From our research we discovered consumers would abandon the process because they didn’t have the right credentials at hand while employees encountered glitches that occurred after an account was submitted for their review. Several credit unions and banks were threatening to abandon the software altogether and migrate to a competitor’s platform.
Activities
- Kickoff Workshop
- Baseline User Testing / In-Depth Interview (Consumers)
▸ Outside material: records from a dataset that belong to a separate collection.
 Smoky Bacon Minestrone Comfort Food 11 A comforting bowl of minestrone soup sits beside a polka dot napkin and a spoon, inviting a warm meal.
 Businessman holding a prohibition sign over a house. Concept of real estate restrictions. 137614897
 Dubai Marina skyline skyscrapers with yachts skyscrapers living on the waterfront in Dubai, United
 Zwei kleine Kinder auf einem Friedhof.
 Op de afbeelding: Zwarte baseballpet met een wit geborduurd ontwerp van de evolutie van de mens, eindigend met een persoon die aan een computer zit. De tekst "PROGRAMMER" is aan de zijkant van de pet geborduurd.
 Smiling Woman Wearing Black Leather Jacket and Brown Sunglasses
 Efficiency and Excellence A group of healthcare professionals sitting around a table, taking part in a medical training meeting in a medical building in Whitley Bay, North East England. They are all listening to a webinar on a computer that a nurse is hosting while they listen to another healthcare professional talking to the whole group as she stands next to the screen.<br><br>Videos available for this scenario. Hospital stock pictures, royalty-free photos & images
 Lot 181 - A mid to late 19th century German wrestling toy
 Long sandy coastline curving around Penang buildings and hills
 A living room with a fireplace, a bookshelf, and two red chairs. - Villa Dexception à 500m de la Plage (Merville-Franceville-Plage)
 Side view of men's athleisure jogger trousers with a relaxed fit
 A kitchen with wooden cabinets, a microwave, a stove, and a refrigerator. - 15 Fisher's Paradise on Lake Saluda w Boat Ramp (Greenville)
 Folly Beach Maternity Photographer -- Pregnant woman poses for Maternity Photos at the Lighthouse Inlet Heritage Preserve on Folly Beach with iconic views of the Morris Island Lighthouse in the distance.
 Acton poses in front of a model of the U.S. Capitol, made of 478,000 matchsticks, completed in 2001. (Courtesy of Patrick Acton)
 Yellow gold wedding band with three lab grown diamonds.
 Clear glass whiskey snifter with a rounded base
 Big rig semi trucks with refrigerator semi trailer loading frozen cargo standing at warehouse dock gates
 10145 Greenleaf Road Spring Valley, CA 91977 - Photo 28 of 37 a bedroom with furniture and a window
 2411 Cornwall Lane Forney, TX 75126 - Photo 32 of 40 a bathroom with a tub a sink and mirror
- Contextual Inquiry (Employees)
- Affinity Diagramming
- Wall Walk
- Opportunity Prioritization Workshop
- Prototype Testing
- Case Study
- Financial
- Engagement Type
- B2C & B2B
Approach
We recruited 12 consumers who had recently opened bank accounts and gave them dummy information to go thru the account opening process using the client’s software and one of three competitors software. We also met with 6 different credit union and bank groups and conducted contextual inquiries with 10+ employees to see their account opening administration/management processes using the client’s software.
Data Synthesis
We created an affinity diagram from over 700 data points to determine where the most pain points occurred during the entire account opening process (discovery, initial setup, processing, confirmation, post-submission, welcome, etc.) While most consumers just needed a simple process flow that spelled out exact requirements (like home address and DL#) many of the administration features were severely lacking or too convoluted for most bank employees to use without extensive training. Destructive errors would occur if data entry and validation was not completed in a specific order of operations.
We conducted a wall walk workshop with the client to present the initial findings and gather opportunities.
Output
The day after the wall walk exercise we hosted an opportunity prioritization workshop where we compiled, ranked and plotted opportunities based on value to user, value to business and development lift. The entire team determined which features should be considered MVP for a prototype.
We then constructed a prototype based on the new opportunities that addressed both the consumer and employee-facing versions of the software. We then tested users with the prototype, which users and employees had little to no trouble completing and processing a new account.
This led to a complete build-out of the new software which performed much better for both customers and banking employees.